Wednesday, February 10, 2010

Business architecture as part of Enterprise Architecture

I saw this and thought some of the quotes interesting
http://jccavalcanti.wordpress.com/2010/02/10/defining-business-architecture/

"...BA is an intrinsic component of EA, but what most people really perform in most organizations that I see is IT architecture."

"... enterprise business architecture is a set of artifacts and methods that helps business leaders make decisions about direction and communicate the changes that are required in order to achieve that vision."

"... It's our excuse sometimes that it's too complex to change quickly."

"... We really need to focus the conversation on capabilities..."

"... BA is a means by which we can engage as IT professionals with the business leadership, the business decision-makers ...

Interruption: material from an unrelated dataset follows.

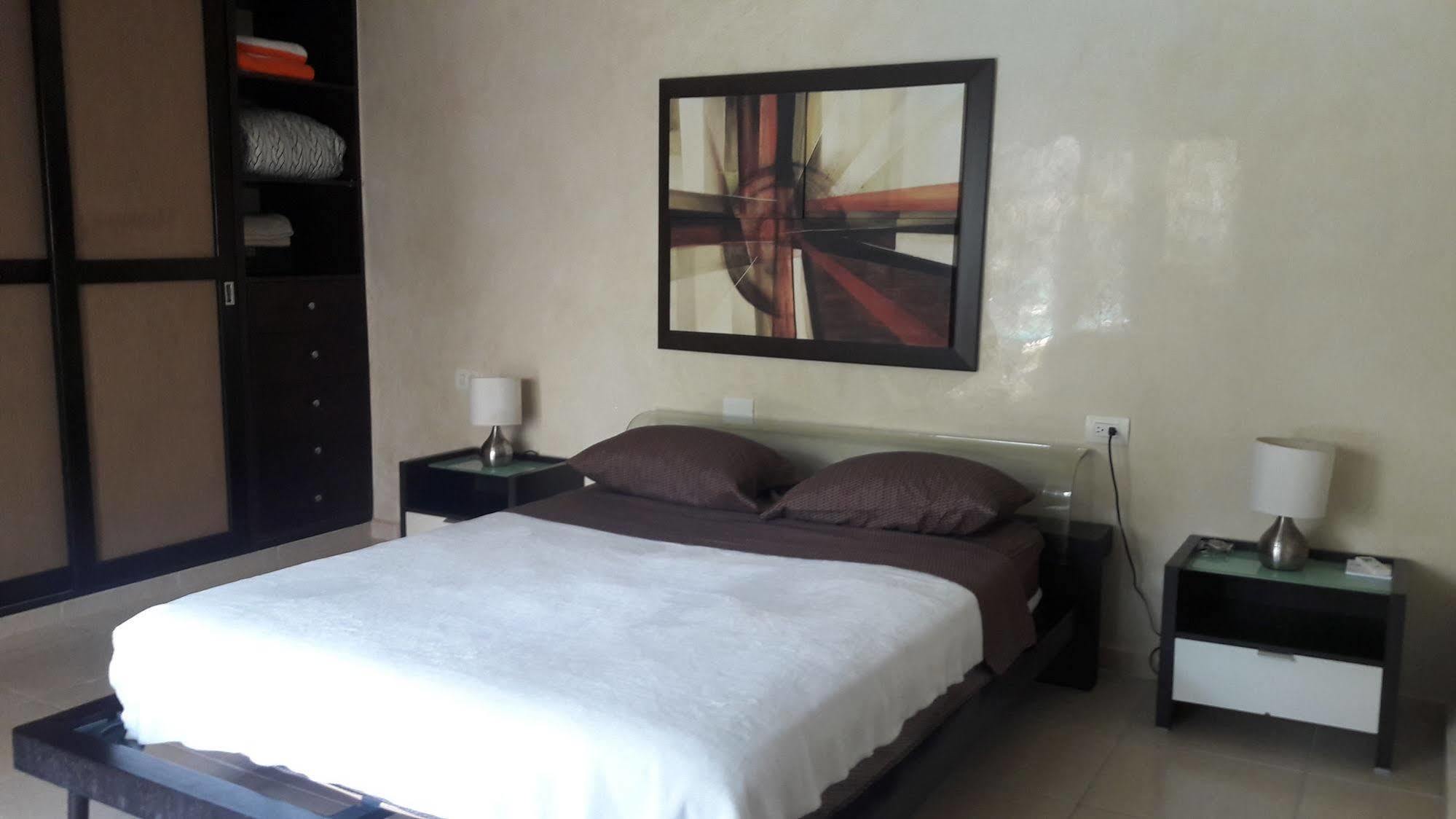 Vida Nueva Bed&Breakfast Peregrina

"... By having that meaningful dialogue on an ongoing basis, not just as a result of the big implementation ..."

"... understanding your audience is a big part of doing this.

"... That's why there's no, "This is the artifact to create." ..."

"... there's a missing linkage between that vision, that strategy, that direction, and the actual activities that are going on ...

"... jump from high-level strategy down to tactical daily decision-making and activities is too broad of a gap. .."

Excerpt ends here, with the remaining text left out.